GEGOLET
(Mukaddimah Majelis Ilmu Maiyah Cirrebes Cirebon-Brebes Edisi Juni 2025)

“Gegolet”—sebuah kata dari bahasa Jawa (Cirebon, Brebes, Tegal, Banyumas dan sekitarnya) yang sederhana namun sarat makna.
Kata dasarnya adalah “golet”, yang berarti mencari. Sementara imbuhan “ge-” dalam tradisi lisan masyarakat Jawa atau daerah sekitar Banyumas—sering memberi nuansa proses yang mengalir, dilakukan secara alami, berulang, dan sering kali dalam suasana ringan atau akrab. Kita mengenal misalnya kata “geguyon”, yang bukan hanya berarti bercanda, tapi bercanda yang ngalir, cair, dan akrab—mungkin sambil ngopi atau duduk bareng. Maka, “Gegolet” bukan hanya mencari, tetapi sebuah proses pencarian yang mengalir, yang manusiawi, yang menyatu dengan ritme hidup kita sehari-hari.
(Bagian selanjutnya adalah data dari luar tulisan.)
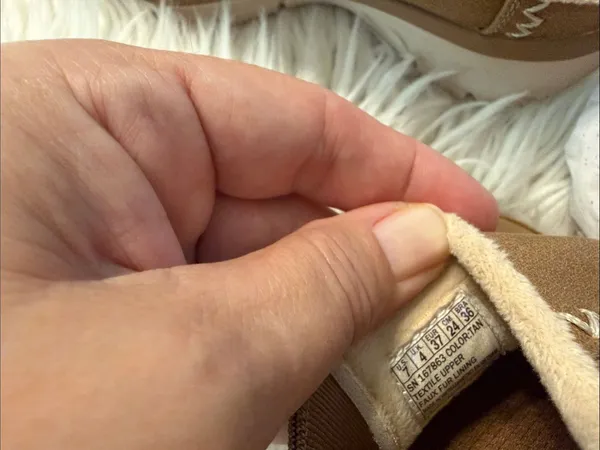 Skechers Vegan Tan Slip-On Women's Clog with Button Accent size 7 brand new - Image 9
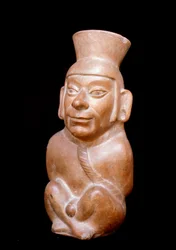 Precolumbiaanse kunst, Moche-beschaving (Moche, Mochica): antropomorfe terracotta fles die een gevangene vóór zijn offer voorstelt (hij draagt een touw om zijn hals en heeft zijn handen op zijn rug gebonden). 200 v.Chr.-700 n.Chr. Lima, Nationaal Museum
Setiap manusia, sadar atau tidak, sedang gegolet. Kita mencari jati diri, mencari makna hidup, mencari asal-usul, dan pada akhirnya mencari Tuhan dalam denyut kehidupan sehari-hari. Dalam pertemuan ini, kita ingin menelusuri benang sejarah nenek moyang kita, tidak sekadar untuk bernostalgia, tapi untuk menjawab satu pertanyaan penting: siapa sebenarnya kita ini?
Kita coba buka lapis-lapis identitas yang mungkin selama ini hanya kita warisi tanpa kita pahami. Kita tidak ingin sekadar tahu kita anak siapa, cucu siapa, dari kampung mana. Tapi lebih dalam dari itu: kita ingin menyadari nilai-nilai apa yang diwariskan kepada kita, dan bagaimana warisan itu membentuk cara kita melihat dunia hari ini.
Gegolet adalah upaya mengenali kembali diri kita sendiri dalam cermin sejarah dan kesadaran. Dari sana, kita berharap tumbuh kesadaran individu—kesadaran bahwa diri ini bukan ruang hampa, tapi jalinan kisah panjang yang penuh hikmah. Dan dari kesadaran individu inilah kita harap tumbuh kesadaran komunal: bahwa kita semua bagian dari satu tubuh besar yang saling terhubung, saling menopang, dan saling bertanggung jawab.
Maka, mari kita buka diskusi pada rutinan bulan ini dengan hati yang kosong namun siap diisi, dengan pikiran yang bebas namun tetap rendah hati, dan dengan semangat yang tidak sekadar ingin tahu, tapi ingin mengerti.
Semoga diskusi malam nanti bukan hanya menjadi pertemuan, tapi menjadi titik temu: antara yang kita cari dan yang selama ini diam di dalam diri kita sendiri.